(Task to complete)
Return each line exactly, from the one that has "Ivory Chapel-Length Bridal" through the end of the entries, both ends included. Pictures do not belong.

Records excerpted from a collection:
* * *

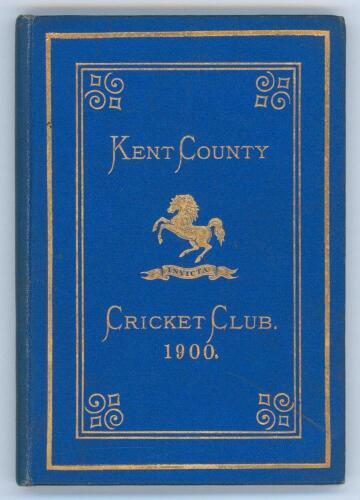 Kent County Cricket Club Annual 1900. Hardback ‘blue book’. Original decorative boards. Gilt titles and to all page edges with gilt Kent emblem to centre. Printed by Cross & Jackman, ‘The Canterbury Press’ 1900. Minor age toning to boards and spine otherw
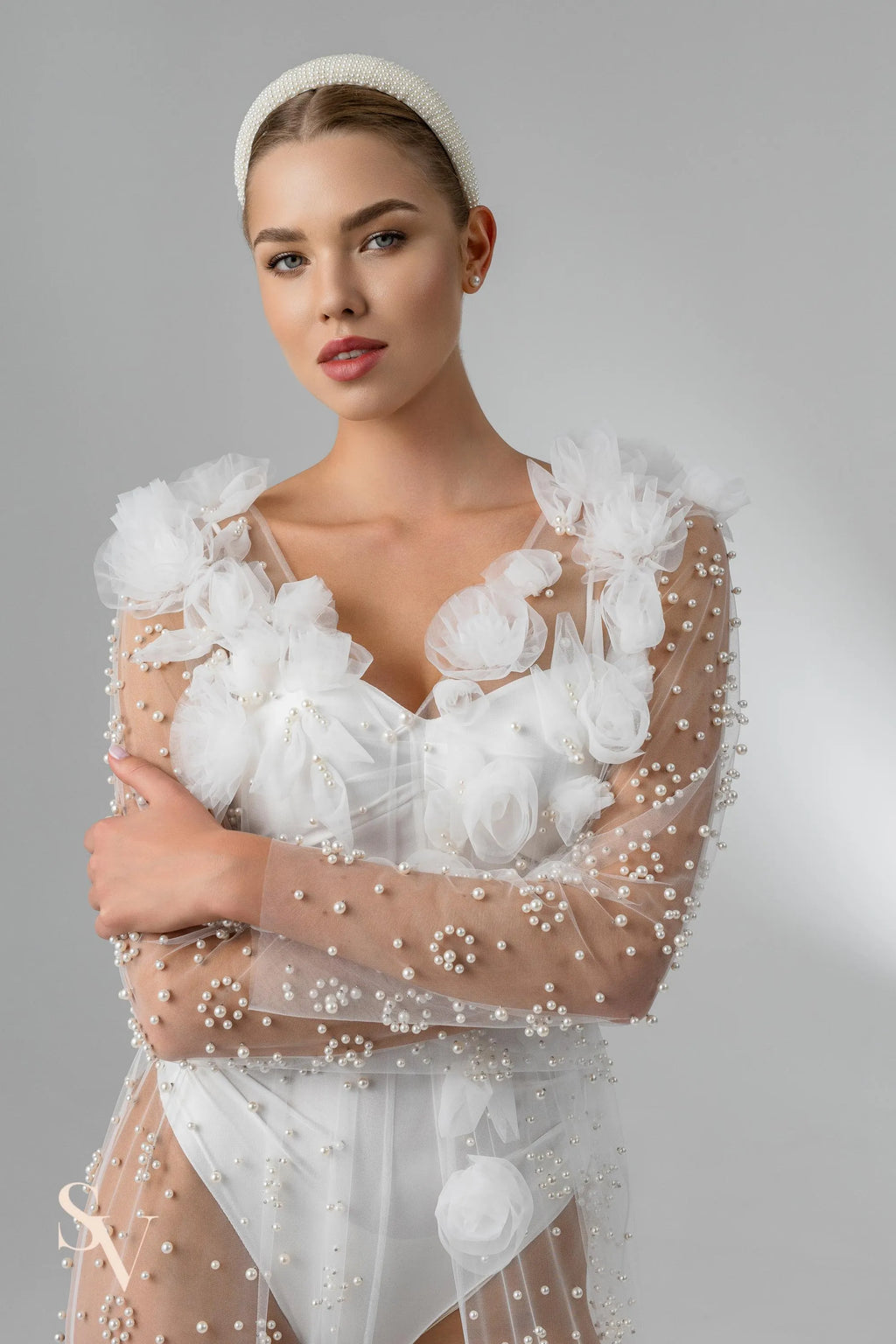 Ivory Chapel-Length Bridal Cape with Flowers and Pearls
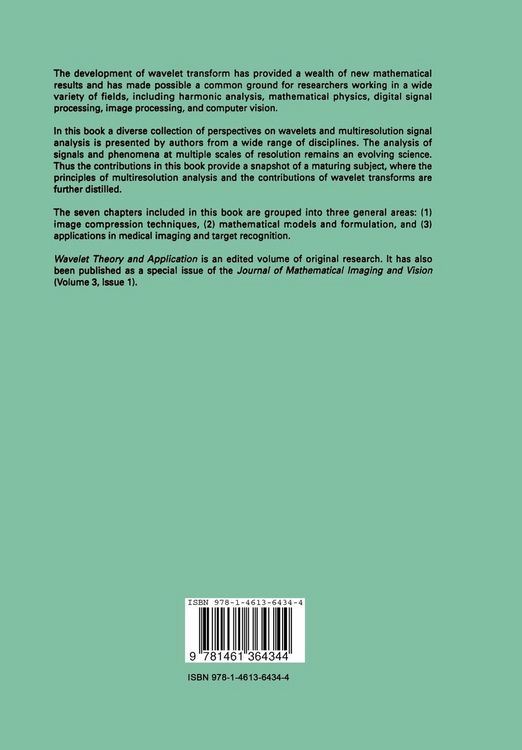 Produktbild: Wavelet Theory and Application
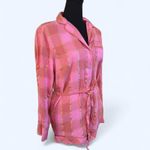 Victoria's Secret  Pink Plaid Pajama Romper with gold accents Size XS Photo 2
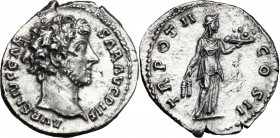 Marcus Aurelius as Caesar (139-161). AR Denarius, 146-147 AD. D/ AVRELIVS CAESAR AVG PII F. Bare head right. R/ TR POT II COS II. Fides standing right...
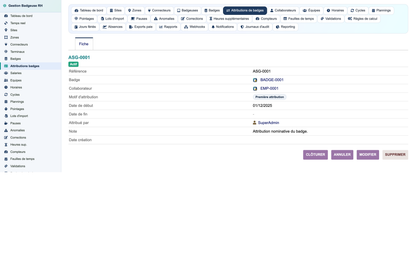 HR Badge, Time & Attendance Management - Dolibarr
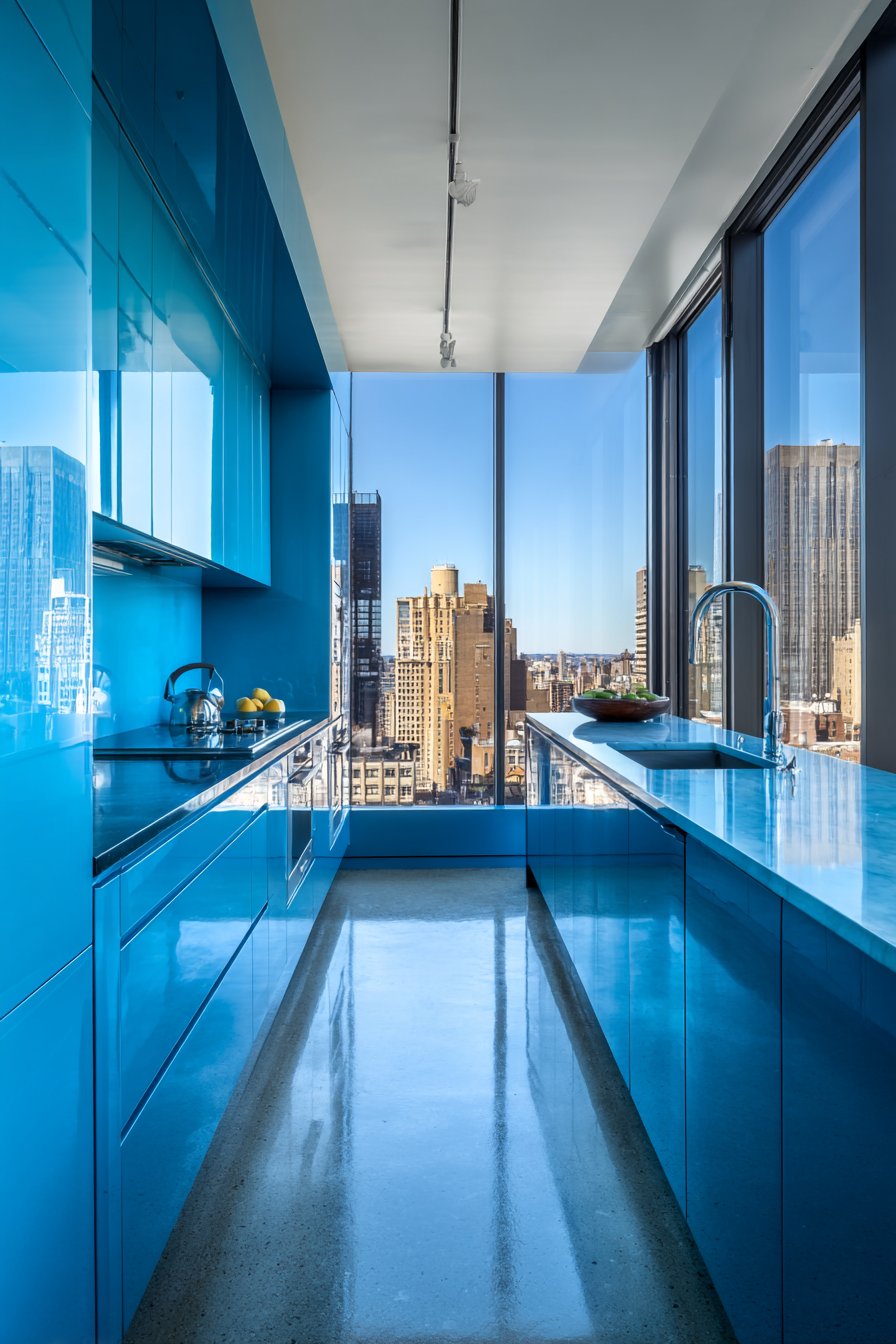 Sleek Cerulean Blue Contemporary Kitchen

* * *

(Response to this task)
 Ivory Chapel-Length Bridal Cape with Flowers and Pearls
 Produktbild: Wavelet Theory and Application
 Victoria's Secret  Pink Plaid Pajama Romper with gold accents Size XS Photo 2
 Marcus Aurelius as Caesar (139-161). AR Denarius, 146-147 AD. D/ AVRELIVS CAESAR AVG PII F. Bare head right. R/ TR POT II COS II. Fides standing right...
 HR Badge, Time & Attendance Management - Dolibarr
 Sleek Cerulean Blue Contemporary Kitchen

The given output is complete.